Use the JOURNAL record to control the monitoring of invalid password conditions.

JOURNAL warning maximum

Configuration File

JOURNAL is defined in the SECURITY CONFIG file.

Definitions

warning

Specifies the number of consecutive invalid password attempts recorded for a user ID or device address after which a warning message appears on the system operator’s console. The minimum is 0, the maximum is 99999999.

maximum

Specifies the number of consecutive invalid password attempts recorded for a user ID or device address after which a restrictive action is taken. The minimum is 0, the maximum is 99999999. This option is valid only if the Rules Facility is implemented.

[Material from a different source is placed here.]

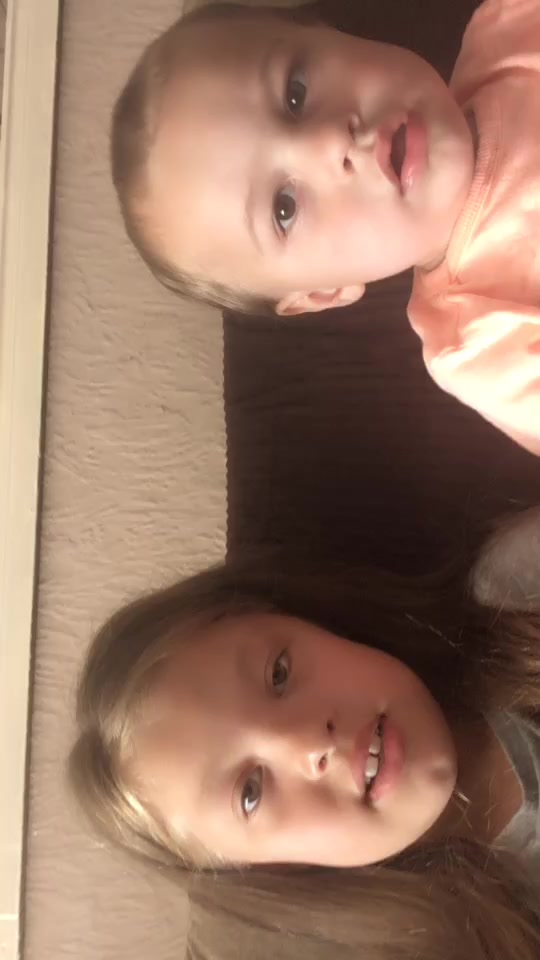 @caitlincass19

After this maximum is reached, the attempting user ID or the device address from which the invalid attempts were made can no longer do any of the following:

• Use CA VM:Secure commands if the password violations were in response to the logon password validation prompt for a CA VM:Secure command.
• Define a directory link for any minidisks belonging to the user ID whose link passwords were violated.
• Use the CP AUTOLOG, DIAL, LINK, LOGON, LOGON BY, XAUTOLOG commands, LOGONBY Facility requests, or attempts at password checking using Diagnose X’A0’ subcode 4 depending on which monitored condition went over the maximum:
  • When the maximum number of invalid autolog or xautolog attempts is reached, CA VM:Secure adds the applicable rule to the rules file for the user ID being autologged or xautologged:

       REJECT userid AUTOLOG (NOTIFY
       REJECT userid XAUTOLOG (NOTIFY
    

    These rules prevent the requesting user ID from further AUTOLOG and XAUTOLOG attempts on the target user ID. The addition of these rules is not subject to the TERMPASS or the USERPASS user exits.

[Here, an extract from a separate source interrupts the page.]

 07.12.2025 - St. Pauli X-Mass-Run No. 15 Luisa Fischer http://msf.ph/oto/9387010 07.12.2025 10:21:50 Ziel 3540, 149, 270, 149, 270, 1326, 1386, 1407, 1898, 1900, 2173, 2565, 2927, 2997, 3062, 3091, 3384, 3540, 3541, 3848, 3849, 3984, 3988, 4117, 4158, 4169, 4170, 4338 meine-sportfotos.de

  • When the maximum number of invalid link attempts is reached, CA VM:Secure adds the following rule to the target user’s rules file:

        REJECT userid LINK vaddr (NOTIFY
    

    These rules prevents the requesting user ID from further link attempts on the target user ID ’s virtual address. CA VM:Secure adds the previous rules whether or not the RULEUPDT user exit is implemented.

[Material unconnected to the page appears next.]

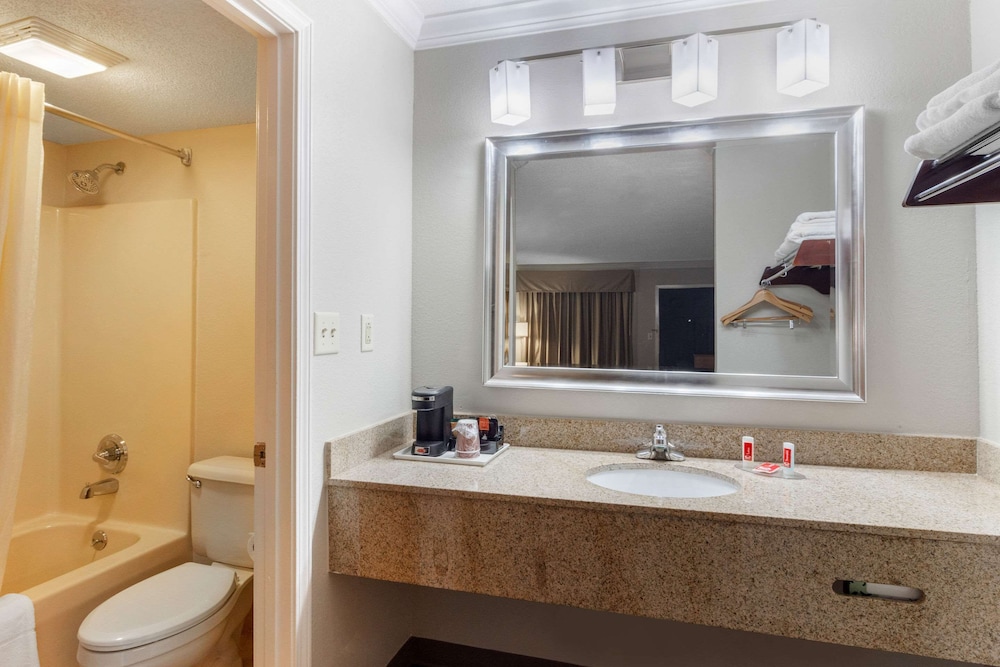 Econo Lodge Byron - Warner Robins 47/52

  • When the maximum number of invalid logon attempts is reached, CA VM:Secure adds the REJECT LOGON rule to the system override rules and the target user ID’s rules. The addition of this rule is subject to the implementation of both the TERMPASS and the USERPASS user exits: addition of the rule to the system override rules requires that the TERMPASS user exit be implemented; addition of the rule to the target user ID requires that the USERPASS user exit be implemented.
  • When the maximum number of invalid DIAL attempts is reached, CA VM:Secure adds the REJECT DIAL rule to the system override rules. The addition of this rule is subject to the implementation of the TERMPASS user exit.

Description

If you are using the Rules Facility with the JOURNAL record, the following invalid password conditions are monitored:

• Invalid logon passwords entered for the same user ID during LOGON processing
• Invalid logon passwords entered from the same device address during LOGON processing
• Invalid dial passwords entered from the same device address during DIAL command processing
• Invalid logon passwords entered during AUTOLOG or XAUTOLOG command processing
• Invalid link passwords entered during LINK command processing and LINK processing associated with Diagnose X’88’ sub-code X’04’ calls
• Invalid logon passwords specified during Diagnose X’A0’ sub-code 4 calls
• Invalid logon passwords specified during Diagnose X’88’ sub-code 8 calls
• Invalid logon passwords entered when issuing CA VM:Secure commands
• Invalid link password entered from the "Define a Link to Another User’s Minidisk" selection on the "User Selection Menu"

If you are not using the Rules Facility, only the last two invalid password conditions are monitored.

Separate journal counters are maintained for each monitored condition. The counters are reset to zero whenever a password is correctly entered or when CA VM:Secure is shut down; the appropriate counter is incremented by one whenever its password is incorrectly entered. If consecutive invalid attempts exceed the limit specified on this JOURNAL record, CA VM:Secure prevents further attempts until someone issues the JOURNAL command with the RESET parameter against that password, or issues the REST command.

When the limit of consecutive invalid logon attempts is reached, CA VM:Secure calls either the TERMPASS or USERPASS user exit, or both, if they are defined. Use both these user exits because they prohibit further attempts when the limit of invalid attempts is reached.